Rollie Mukherjee, a Baroda-based artist’s exhibition of her images of Kashmir, to stories rumoured in branches, is showing at Conflictorium, a Museum of Conflict in Ahmedabad. Mohamad Junaid on her images.
The Indian state’s dominant visual order invisibalizes the structure of its violence in Kashmir. It enforces a blindness and numbs the critical senses of its citizens. From the twin images of Kashmir as a ‘beautiful landscape’ and as a ‘hotbed of anti-nationals,’ it mobilizes the composite image of ‘paradise crawling with serpents’ to justify the military occupation.
In the consequent violence the state makes its citizens complicit by keeping them blind to their blindness, and by making the abnormal look normal.
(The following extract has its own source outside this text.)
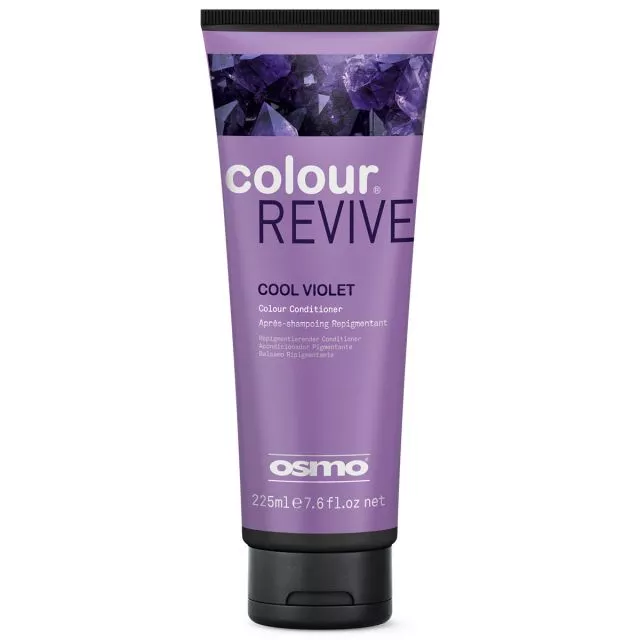 Osmo Colour Revive Sävyttävä Tehohoito Cool Violet 225ml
Can there be a counter-project to this mode of seeing and representation? Can artistic works agitate the dominant imaginaries, trouble the subtle ruses of state power, and, in the process, train a new disobedient sensorium?[1] The images by Rollie Mukherjee that you see here answer these questions affirmatively.
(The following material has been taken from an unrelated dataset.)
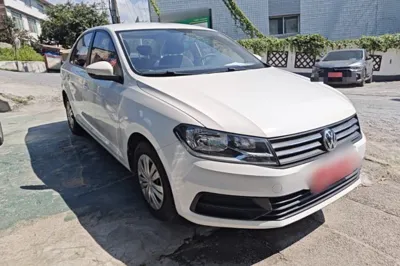 Volkswagen Santana 2016, 82000 км, за 38354.14 CNY - фото 3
There is something immanent within her images that spills beyond the majoritarian frames of representation. They carry an excess—the ontological ‘trace’—which is restless, and produces restlessness. A repressed Kashmir is brought forth from the fragments of its dismembered present, urging the (Indian) viewer to align her view with the Kashmiri mode of seeing, and to dislodge herself from the grip of the nationalist scopic regime. Here pain and defiance, which underpin everyday life in Kashmir, irrupt into the state’s complacent, composite image. This seeing demands an empathic attentiveness and a language that acquires unexpected new meanings:
‘Half-’ life: to be left cleaved in the middle by the enforced disappearance of a child or a life-partner.
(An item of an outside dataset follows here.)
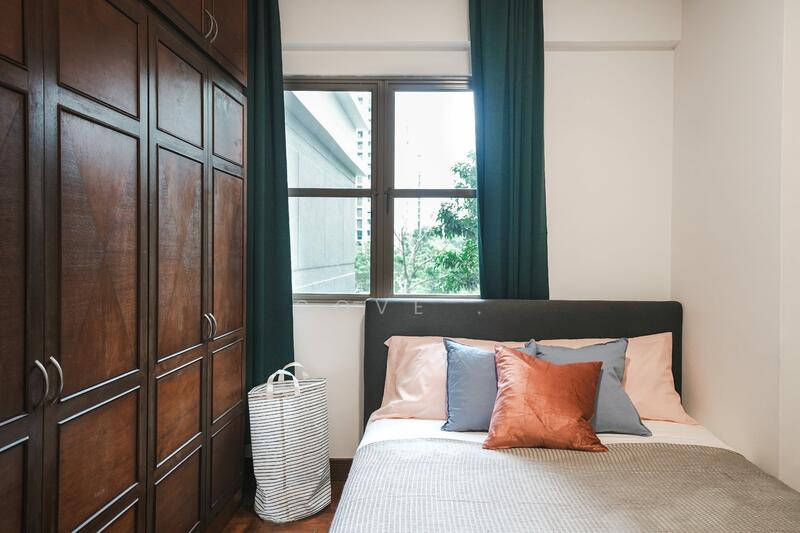 Parc Vista, 450 Corporation Road, Room Rental, 154 sqft, Condominium For Rent, by Cove, 24738560 - Green room - PropertyGuru.com.sg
Waiting: the radical act of relentless hope.
Martyrdom: the public afterlife of the unquiet dead.
The last letter: a furtively scribbled note to the family from the threshold of one’s execution, requesting respect, instead of remorse, for the act of truth chosen by higher powers over the unconscionable sentence passed by the courts of the unjust.
Testimonies: the living as the proof of existence of those made absent.
Mourning: the always-unfinished, the ever-repeated cycle of living with grief.
Here absence becomes an intense presence.[2] “Paradise” is momentarily suspended, and a subterranean Kashmir emerges: a constellation of unmarked mass graves dotting the heaven; a claustrophobic forest of soldiers and their weapons growing around life forms; villagers reaping a harvest of martyrs and walking together to store them in graveyards; and artisans quietly weaving a history of grief into their shawls and carpets. Together these images form a poetic montage. They allow evocative, expressive possibilities and an apprehension through a sensuous engagement. Yet, they also disrupt illusions and fracture the deceptive harmony of the state’s composite image.
Kashmiris will instinctively recognize the texture of their daily reality in these images. For Indians willing to see, the images will help build an understanding, by bringing into the frame that which has long been deemed unrepresentable.
NOTES
[1] I draw from Judith Butler, who answers some of these questions positively in her work Frames of War, Verso 2010. See also, Craig Campbell, Agitating Images, U. Minnesota Press 2014 and Gil Hochberg, Visual Occupations, Duke U. Press 2015.
[2] On the nature of images in general, for instance, Jean-Luc Nancy writes: “The absence of the imaged subject is nothing other than an intense presence…” In these images, Nancy’s contention acquires a tangible power. See “The Image – The Distinct,” in The Ground of the Image, Fordham U. Press 2005, p. 9.